I didn’t know what to say to that. I felt even shittier that I wasn’t as familiar with Devon’s past as I should be. I hadn’t even known he’d been dating Trina Henry until he’d mentioned it himself. I needed to do my research so I could be as prepared for Devon as Kelly Kane had been for me, during my interview. This lack of knowledge was killing me.
“What I’m trying to tell you is that you seem like a good person, and Devon seems happy with you, too,” Trina sighed. “Hell, I don’t know what I’m saying. I wish Devon and I had ended things on better terms. It was ugly. But I care about him. That might be weird, but we were together for more than a hot minute. And I care about your situation. You shouldn’t allow anyone to take advantage of you.
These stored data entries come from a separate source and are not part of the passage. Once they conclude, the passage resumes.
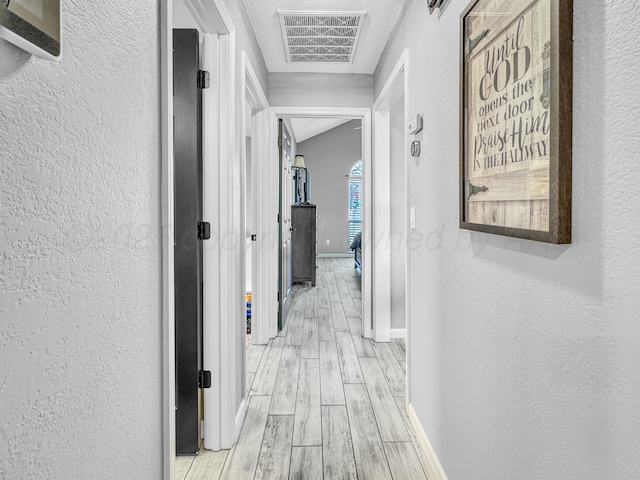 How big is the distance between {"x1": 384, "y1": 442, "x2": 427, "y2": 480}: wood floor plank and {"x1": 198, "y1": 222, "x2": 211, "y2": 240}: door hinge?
133 centimetres

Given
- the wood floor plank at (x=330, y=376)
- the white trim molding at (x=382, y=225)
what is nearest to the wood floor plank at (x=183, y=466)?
the wood floor plank at (x=330, y=376)

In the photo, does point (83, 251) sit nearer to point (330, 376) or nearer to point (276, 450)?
point (276, 450)

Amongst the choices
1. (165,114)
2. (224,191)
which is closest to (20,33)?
(165,114)

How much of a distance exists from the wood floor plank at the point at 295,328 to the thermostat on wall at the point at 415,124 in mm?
2181

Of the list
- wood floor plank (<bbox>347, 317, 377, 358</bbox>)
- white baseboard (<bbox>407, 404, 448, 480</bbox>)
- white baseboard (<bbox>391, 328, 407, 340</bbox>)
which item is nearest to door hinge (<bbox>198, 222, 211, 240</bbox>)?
white baseboard (<bbox>407, 404, 448, 480</bbox>)

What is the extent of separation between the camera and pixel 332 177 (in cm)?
1023

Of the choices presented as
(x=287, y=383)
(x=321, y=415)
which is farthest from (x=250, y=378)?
(x=321, y=415)

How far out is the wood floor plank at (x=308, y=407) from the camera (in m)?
2.21

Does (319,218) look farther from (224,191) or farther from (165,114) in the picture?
(165,114)

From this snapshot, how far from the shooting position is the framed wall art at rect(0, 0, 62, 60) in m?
0.57

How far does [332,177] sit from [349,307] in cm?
559

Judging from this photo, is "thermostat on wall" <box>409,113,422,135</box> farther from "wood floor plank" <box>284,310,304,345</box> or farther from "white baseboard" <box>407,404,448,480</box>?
"wood floor plank" <box>284,310,304,345</box>

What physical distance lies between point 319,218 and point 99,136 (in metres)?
9.45

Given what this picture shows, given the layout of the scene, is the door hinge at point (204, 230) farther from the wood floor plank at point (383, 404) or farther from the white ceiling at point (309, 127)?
the white ceiling at point (309, 127) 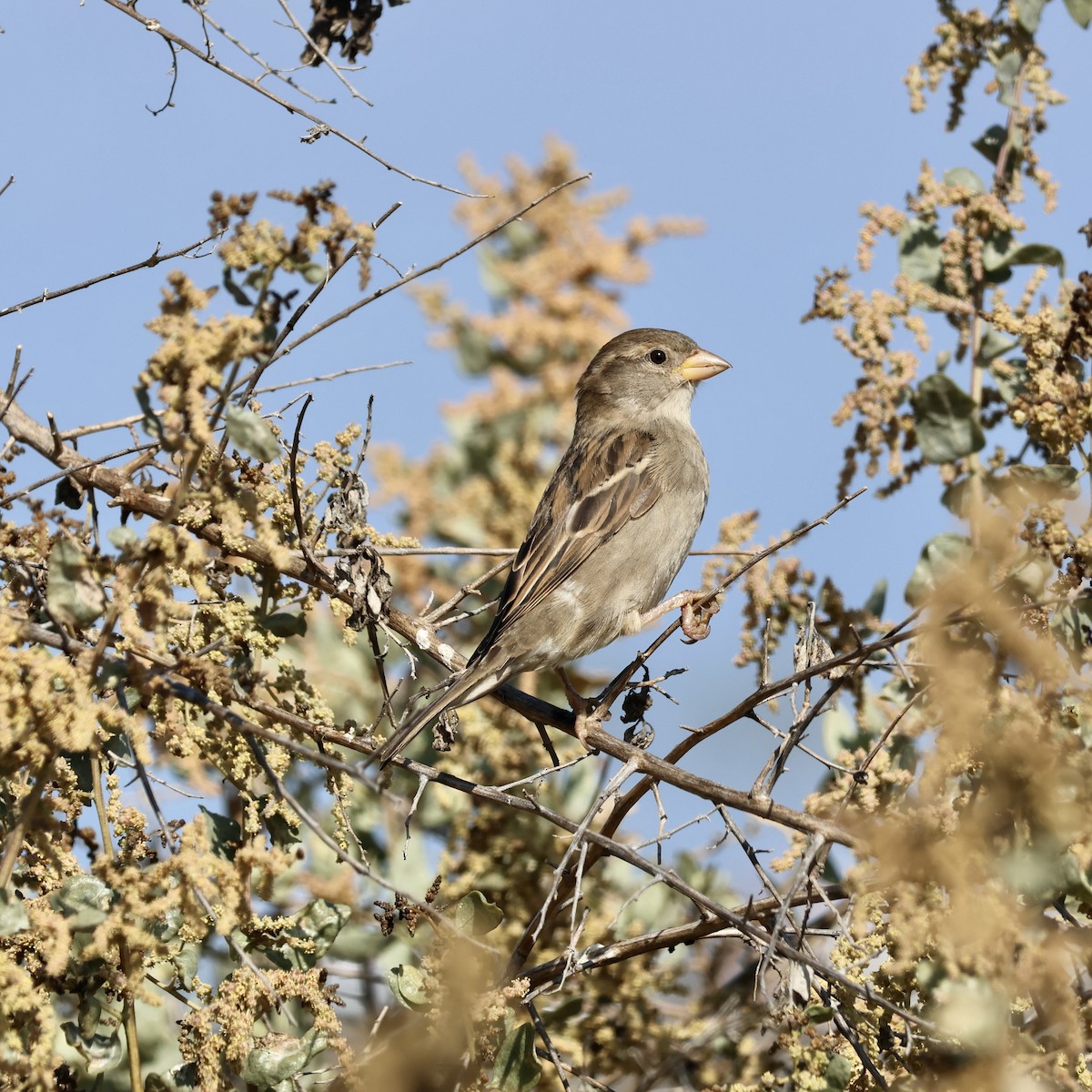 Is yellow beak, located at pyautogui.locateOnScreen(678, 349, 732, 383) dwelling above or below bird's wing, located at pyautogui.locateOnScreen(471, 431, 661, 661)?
above

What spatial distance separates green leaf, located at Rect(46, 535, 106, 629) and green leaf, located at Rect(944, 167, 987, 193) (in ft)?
10.4

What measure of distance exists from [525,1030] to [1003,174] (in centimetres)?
318

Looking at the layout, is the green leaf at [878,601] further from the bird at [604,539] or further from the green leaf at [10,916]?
the green leaf at [10,916]

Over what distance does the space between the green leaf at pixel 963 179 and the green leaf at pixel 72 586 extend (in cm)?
318

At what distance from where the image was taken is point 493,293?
5668 mm

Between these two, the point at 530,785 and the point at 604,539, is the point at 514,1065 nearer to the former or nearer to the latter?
the point at 530,785

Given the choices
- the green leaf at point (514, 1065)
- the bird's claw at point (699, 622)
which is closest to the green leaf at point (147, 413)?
the green leaf at point (514, 1065)

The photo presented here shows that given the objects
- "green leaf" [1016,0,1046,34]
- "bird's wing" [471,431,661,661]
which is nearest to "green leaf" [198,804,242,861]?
"bird's wing" [471,431,661,661]

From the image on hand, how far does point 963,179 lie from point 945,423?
89cm

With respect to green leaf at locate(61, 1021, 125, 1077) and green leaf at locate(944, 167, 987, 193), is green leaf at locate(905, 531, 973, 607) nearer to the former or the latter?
green leaf at locate(944, 167, 987, 193)

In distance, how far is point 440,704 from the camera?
3.64m

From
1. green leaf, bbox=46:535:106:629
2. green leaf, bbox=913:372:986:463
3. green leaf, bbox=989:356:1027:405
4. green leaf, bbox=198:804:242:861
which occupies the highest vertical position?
green leaf, bbox=989:356:1027:405

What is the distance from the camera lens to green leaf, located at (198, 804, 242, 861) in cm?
→ 289

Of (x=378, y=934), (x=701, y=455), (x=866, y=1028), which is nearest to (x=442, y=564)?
(x=701, y=455) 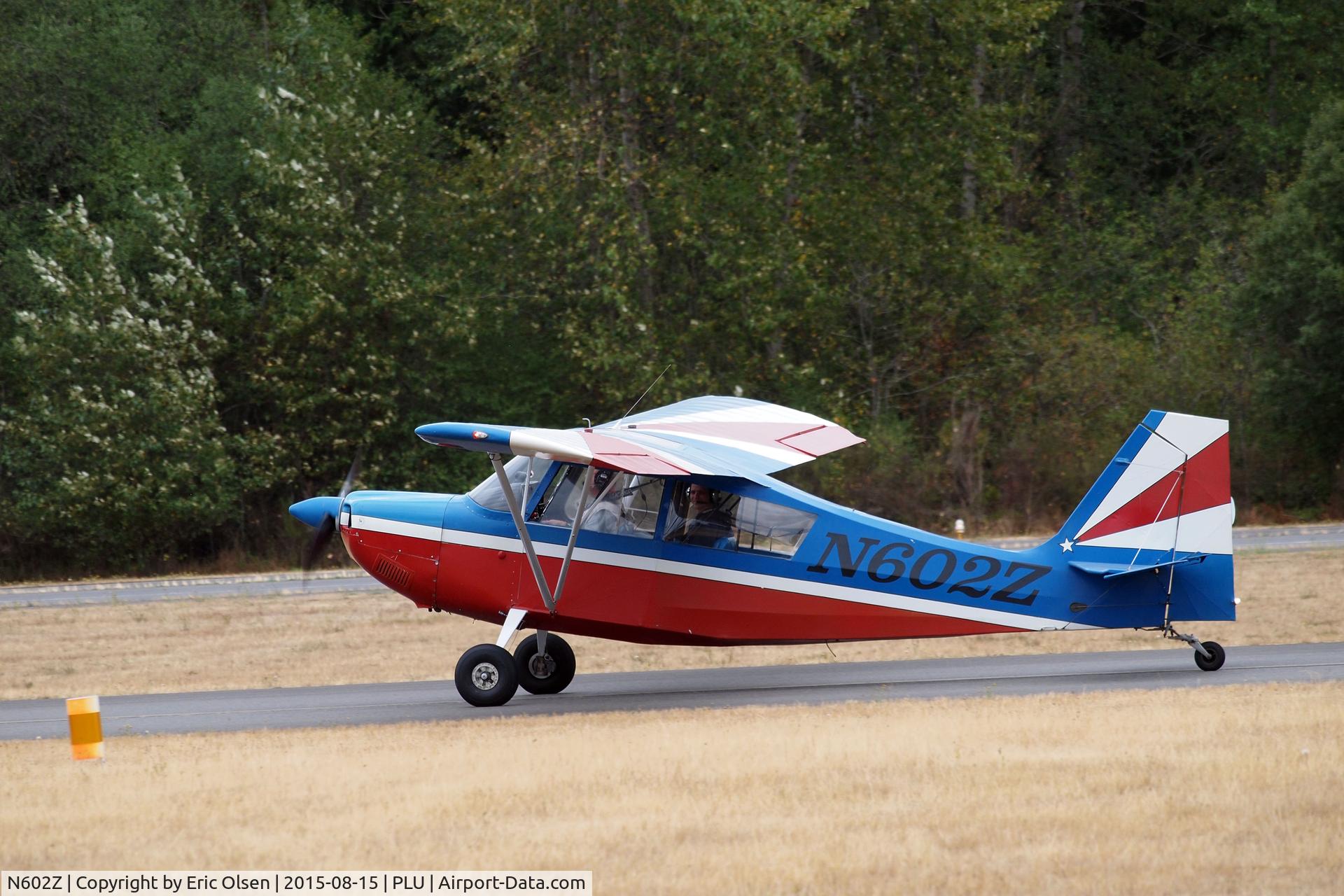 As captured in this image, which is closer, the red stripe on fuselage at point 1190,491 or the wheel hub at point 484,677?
the red stripe on fuselage at point 1190,491

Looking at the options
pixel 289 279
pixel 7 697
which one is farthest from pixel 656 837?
pixel 289 279

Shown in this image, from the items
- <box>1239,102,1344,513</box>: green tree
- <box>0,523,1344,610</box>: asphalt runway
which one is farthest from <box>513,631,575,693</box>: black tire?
<box>1239,102,1344,513</box>: green tree

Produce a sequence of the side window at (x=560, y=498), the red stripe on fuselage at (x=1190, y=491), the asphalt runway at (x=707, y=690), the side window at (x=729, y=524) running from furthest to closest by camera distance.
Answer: the side window at (x=560, y=498) < the side window at (x=729, y=524) < the asphalt runway at (x=707, y=690) < the red stripe on fuselage at (x=1190, y=491)

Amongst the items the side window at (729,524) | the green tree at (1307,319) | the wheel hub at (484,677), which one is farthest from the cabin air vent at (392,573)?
the green tree at (1307,319)

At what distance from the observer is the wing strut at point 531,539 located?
39.4 ft

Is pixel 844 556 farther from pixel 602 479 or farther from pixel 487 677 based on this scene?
pixel 487 677

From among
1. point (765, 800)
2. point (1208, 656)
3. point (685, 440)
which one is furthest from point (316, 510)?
point (1208, 656)

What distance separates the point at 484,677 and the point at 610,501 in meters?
1.80

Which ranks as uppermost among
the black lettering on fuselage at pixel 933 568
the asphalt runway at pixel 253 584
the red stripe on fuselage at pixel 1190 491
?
the red stripe on fuselage at pixel 1190 491

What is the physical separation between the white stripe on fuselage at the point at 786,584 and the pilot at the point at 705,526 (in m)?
0.21

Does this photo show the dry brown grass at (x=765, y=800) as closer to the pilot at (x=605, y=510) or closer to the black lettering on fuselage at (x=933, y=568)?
the black lettering on fuselage at (x=933, y=568)

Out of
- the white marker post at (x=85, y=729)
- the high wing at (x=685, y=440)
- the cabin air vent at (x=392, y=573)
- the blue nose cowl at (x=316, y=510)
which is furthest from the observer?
the blue nose cowl at (x=316, y=510)

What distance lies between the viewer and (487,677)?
40.2 feet

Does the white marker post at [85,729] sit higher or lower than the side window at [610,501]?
lower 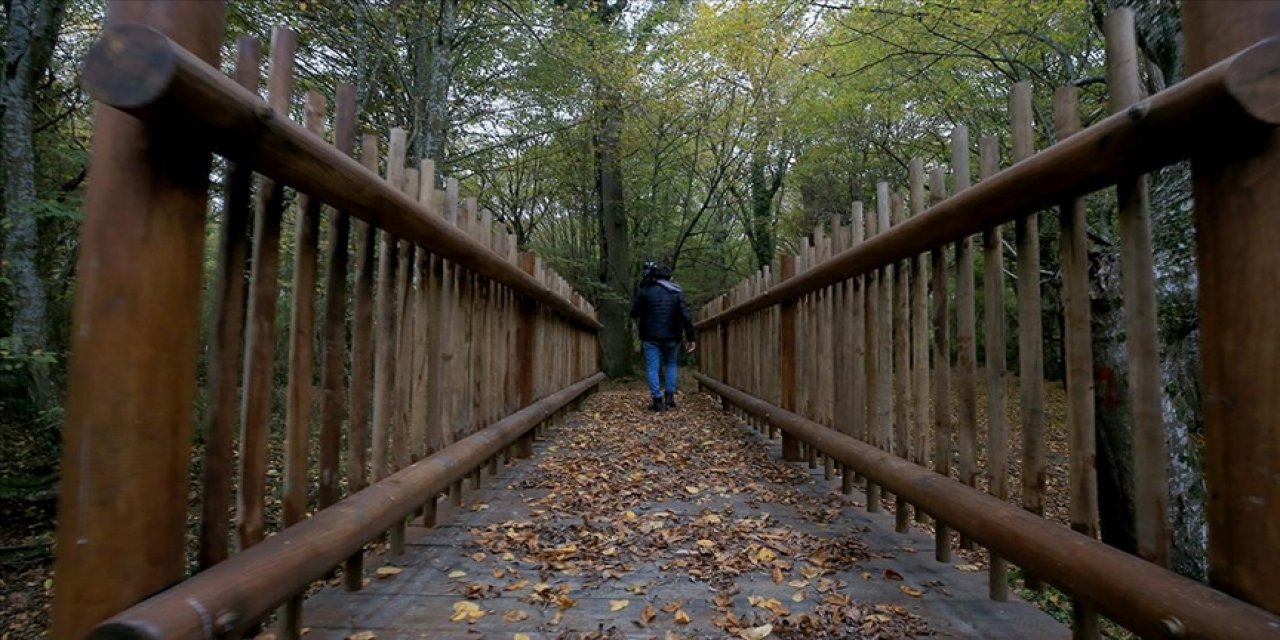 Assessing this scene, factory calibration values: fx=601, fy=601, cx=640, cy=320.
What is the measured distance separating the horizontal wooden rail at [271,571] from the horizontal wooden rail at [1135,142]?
1.99 m

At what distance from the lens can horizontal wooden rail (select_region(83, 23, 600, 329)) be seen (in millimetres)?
1019

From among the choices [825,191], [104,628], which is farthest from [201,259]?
[825,191]

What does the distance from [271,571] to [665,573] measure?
52.3 inches

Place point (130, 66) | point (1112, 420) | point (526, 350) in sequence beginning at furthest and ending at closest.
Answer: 1. point (526, 350)
2. point (1112, 420)
3. point (130, 66)

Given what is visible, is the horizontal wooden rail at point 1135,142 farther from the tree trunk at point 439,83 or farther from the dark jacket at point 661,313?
the tree trunk at point 439,83

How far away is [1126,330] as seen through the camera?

I just … I wish there was something else I could do for you. Something better than spiriting you away to a bus station.”
“This is more than enough, really,” I assured her. “You’ve been very kind, and you didn’t have to be. I just need some time apart to think things over.”
That sounded like something I should say, but I truthfully didn’t understand anything I was doing. I was still reeling from what felt like a melee of bullshit — Nana dying, moving in with Devon, the attacks from the tabloids, the interview, the script, and, on top of it all, Trina Henry trying her best to help me through everything. It was like a warped universe, one that I couldn’t escape no matter what lengths I went to.
“Here we are.” Trina pulled into the bus station, and I reached for my backpack in the backseat. She took the moment to hug me awkwardly.
“Thanks, um, for everything,” I said, patting her shoulder. “I don’t think I would’ve been able to get out of there without your help.”
“Will you let me know if you need anything else?” she asked, her blue eyes bright and anxious. It blew my mind that her face could make any emotion look beautiful. No wonder Devon wanted her on his movie. My life was so full of sadness that it would be painful for an audience to gaze on someone else being sad for two hours.
“I’ll … do that,” I said
, fully intending to never speak to her or Devon again. I just wanted out, away, to be gone. But she held me by my arm just long enough to fish around inside of my purse, find my phone, and punch her number in.
“I’m serious,” she said. “Anything.” I pulled my hat down over my face as I nodded and left her car, intent on my escape.
Dallas was my destination. I didn’t care that it wasn’t home anymore — that it’d never be home without Nana. But as the wheels of the bus carried me closer and closer to the city, through the night, over hills and down mountains, I realized that there wasn’t anywhere else I could go.
I was a person without a home. Devon’s compound certainly wasn’t it. I just wasn’t sure where to find it, yet.
I rented a room in the same hotel where Devon and I had met. That much felt right — though it equally felt like punishment. Life had punished me enough for whatever failings or stupidities I might’ve had, but I was all too willing to continue to punish myself. I shouldn’t have trusted Devon. I shouldn’t have left everything I had in Dallas to be with him in Malibu. It had been an idiotic decision, a poor choice made by someone with stars in her eyes. It hadn’t been a choice that Nana would’ve thought was a good one. I knew that much. Nana had raised me to be pragmatic, to think things through. But the moment Devon had crashed into our lives, all of that had gone out the window.
I didn’t know how long I’d be in Dallas. I didn’t know what I was even going to do here. I left my backpack and all its contents on one of the two beds of my slightly threadbare room, and rented a car. I was flush with cash because of what remained of Nana’s savings and a life insurance payout. Devon hadn’t let me pay for a single thing, starting with the trip to Hawaii, extending to Nana’s funeral arrangements, and ending with staying in his Malibu palace.